# Rambo!



## Corydora_FREAK (Feb 21, 2007)

Well here he is! I give you Red Rambo! (or just Rambo) my new betta that i got today. (on my 8th aquarium counting the quarantine housing the pleco and corys)

He is the luckiest betta at petsmart and he was also the healthiest and most rambunctious and feisty of them all! Very Happy
Tank specs are. 10 gallon tank with 78 farenheit water maybe i might add a small pleco to help control algae. might add a female to get some baby bettas after i research and learn after keeping him for a couple of months.
Here is Rambos tank!









Here he is before his freedom from his horrible jar that he lived in for a month. :x








when i get a better picture of him i promise i will post!
_________________


----------



## oliesminis (May 7, 2007)

hey he looks sad in the second picture. i hope he really enjoys what looks like a great tank i feel sorry for him being in a jar fora month


----------



## Kageshi17 (Sep 6, 2006)

You definately shouldn't add a female to the tank. If you do, they will constantly be chasing eachother around and wearing eachother out trying to kill the other one. Betta breeding takes alot of research and time and it only involves maybe 2 days of interaction between the male and female. But you could add alot of other kinds of fish! My male and female betta all did really well with cories and schooling tetra. They never seemed to have a problem.
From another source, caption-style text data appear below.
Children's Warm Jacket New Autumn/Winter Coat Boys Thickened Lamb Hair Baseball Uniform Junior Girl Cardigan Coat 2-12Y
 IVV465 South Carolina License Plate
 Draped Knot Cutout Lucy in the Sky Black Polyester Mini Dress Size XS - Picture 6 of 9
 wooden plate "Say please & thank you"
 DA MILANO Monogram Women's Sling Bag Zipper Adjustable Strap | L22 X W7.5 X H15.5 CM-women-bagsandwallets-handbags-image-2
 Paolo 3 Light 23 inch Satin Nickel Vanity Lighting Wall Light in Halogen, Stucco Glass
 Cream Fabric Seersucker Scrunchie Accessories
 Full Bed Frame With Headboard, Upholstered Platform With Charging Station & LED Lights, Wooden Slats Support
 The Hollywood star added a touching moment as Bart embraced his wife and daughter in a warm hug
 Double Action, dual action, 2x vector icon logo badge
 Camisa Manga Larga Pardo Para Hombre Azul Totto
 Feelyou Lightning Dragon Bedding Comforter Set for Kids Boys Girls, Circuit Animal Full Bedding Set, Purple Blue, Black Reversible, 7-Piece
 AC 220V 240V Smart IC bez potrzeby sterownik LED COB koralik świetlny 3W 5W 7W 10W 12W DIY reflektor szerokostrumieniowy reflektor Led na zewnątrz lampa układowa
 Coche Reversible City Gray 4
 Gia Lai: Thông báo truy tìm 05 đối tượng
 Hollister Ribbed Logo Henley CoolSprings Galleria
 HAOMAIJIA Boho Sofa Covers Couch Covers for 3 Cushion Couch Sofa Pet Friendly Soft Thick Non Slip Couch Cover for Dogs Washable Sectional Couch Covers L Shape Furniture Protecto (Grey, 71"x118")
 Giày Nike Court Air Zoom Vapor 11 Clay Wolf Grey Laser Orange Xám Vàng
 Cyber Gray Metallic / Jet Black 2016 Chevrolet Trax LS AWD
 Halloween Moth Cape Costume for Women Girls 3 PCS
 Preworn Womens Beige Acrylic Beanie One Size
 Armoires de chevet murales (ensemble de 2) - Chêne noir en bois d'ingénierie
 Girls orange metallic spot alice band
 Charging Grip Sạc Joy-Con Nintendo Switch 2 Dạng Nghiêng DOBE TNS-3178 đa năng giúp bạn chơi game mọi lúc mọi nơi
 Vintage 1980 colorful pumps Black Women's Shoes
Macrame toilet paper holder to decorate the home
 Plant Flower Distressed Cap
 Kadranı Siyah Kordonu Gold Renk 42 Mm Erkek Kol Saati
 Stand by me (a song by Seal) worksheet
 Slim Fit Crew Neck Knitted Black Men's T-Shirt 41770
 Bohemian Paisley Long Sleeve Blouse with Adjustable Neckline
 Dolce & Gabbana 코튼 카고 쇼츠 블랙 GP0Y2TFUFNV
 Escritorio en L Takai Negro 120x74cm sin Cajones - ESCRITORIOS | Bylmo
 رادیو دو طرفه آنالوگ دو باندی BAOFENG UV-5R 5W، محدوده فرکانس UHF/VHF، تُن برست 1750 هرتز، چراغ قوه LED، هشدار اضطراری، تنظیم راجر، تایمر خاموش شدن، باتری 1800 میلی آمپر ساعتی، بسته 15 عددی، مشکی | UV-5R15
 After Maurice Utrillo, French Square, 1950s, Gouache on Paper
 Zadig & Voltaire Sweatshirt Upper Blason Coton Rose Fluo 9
So yeah, add some more fish if you'd like, he might be kinda nippy and mean at first, but in maybe 1-2 days time, everything will be fine. Haha, good luck!


----------



## Corydora_FREAK (Feb 21, 2007)

do you think he will bother some ghost shrimp?


----------



## Kageshi17 (Sep 6, 2006)

Probably eat them eventually. My betta seemed great with my ghost shrimp...but maybe 1-2 weeks later...the ghost became a real one. Haha I never found what happened to him but my betta loved stalking that guy. So I could only guess


----------



## leafgirl115 (Mar 26, 2006)

You should get a couple of Otos for the tank I have 2 in my 5g with my betta and he loves them. Do not add a female to that tank. Bettas will and do kill each other. Breeding them takes a lot of time and knowlage. Its not some thing to do. After you breed them there is even more to learn and do.

Great looking betta!


----------